◆ **WHAT THE EXERCISE ASKS**: Retype the whole listing, character for character.

◆ **DATA PROVIDED**:

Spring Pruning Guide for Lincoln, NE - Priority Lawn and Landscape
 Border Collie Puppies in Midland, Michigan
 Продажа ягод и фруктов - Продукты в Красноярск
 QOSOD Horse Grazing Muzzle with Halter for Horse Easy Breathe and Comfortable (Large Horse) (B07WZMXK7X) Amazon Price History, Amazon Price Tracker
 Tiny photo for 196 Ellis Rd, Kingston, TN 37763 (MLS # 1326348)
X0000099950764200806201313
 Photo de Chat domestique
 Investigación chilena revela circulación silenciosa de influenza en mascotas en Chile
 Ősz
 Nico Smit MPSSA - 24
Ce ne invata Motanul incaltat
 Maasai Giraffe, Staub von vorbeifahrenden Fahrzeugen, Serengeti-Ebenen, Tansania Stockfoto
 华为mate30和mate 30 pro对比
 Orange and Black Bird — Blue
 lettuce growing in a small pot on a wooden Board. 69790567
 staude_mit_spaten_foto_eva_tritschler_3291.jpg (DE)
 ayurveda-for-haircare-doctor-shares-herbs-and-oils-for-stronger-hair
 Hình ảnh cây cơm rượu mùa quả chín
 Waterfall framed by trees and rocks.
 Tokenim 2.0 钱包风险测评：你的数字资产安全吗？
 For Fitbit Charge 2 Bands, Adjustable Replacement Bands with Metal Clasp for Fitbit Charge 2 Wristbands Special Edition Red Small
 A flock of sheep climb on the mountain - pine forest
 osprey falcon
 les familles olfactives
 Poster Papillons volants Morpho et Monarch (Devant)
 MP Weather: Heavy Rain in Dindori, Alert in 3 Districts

◆ **ANSWER TO THE EXERCISE**:
Spring Pruning Guide for Lincoln, NE - Priority Lawn and Landscape
 Border Collie Puppies in Midland, Michigan
 Продажа ягод и фруктов - Продукты в Красноярск
 QOSOD Horse Grazing Muzzle with Halter for Horse Easy Breathe and Comfortable (Large Horse) (B07WZMXK7X) Amazon Price History, Amazon Price Tracker
 Tiny photo for 196 Ellis Rd, Kingston, TN 37763 (MLS # 1326348)
X0000099950764200806201313
 Photo de Chat domestique
 Investigación chilena revela circulación silenciosa de influenza en mascotas en Chile
 Ősz
 Nico Smit MPSSA - 24
Ce ne invata Motanul incaltat
 Maasai Giraffe, Staub von vorbeifahrenden Fahrzeugen, Serengeti-Ebenen, Tansania Stockfoto
 华为mate30和mate 30 pro对比
 Orange and Black Bird — Blue
 lettuce growing in a small pot on a wooden Board. 69790567
 staude_mit_spaten_foto_eva_tritschler_3291.jpg (DE)
 ayurveda-for-haircare-doctor-shares-herbs-and-oils-for-stronger-hair
 Hình ảnh cây cơm rượu mùa quả chín
 Waterfall framed by trees and rocks.
 Tokenim 2.0 钱包风险测评：你的数字资产安全吗？
 For Fitbit Charge 2 Bands, Adjustable Replacement Bands with Metal Clasp for Fitbit Charge 2 Wristbands Special Edition Red Small
 A flock of sheep climb on the mountain - pine forest
 osprey falcon
 les familles olfactives
 Poster Papillons volants Morpho et Monarch (Devant)
 MP Weather: Heavy Rain in Dindori, Alert in 3 Districts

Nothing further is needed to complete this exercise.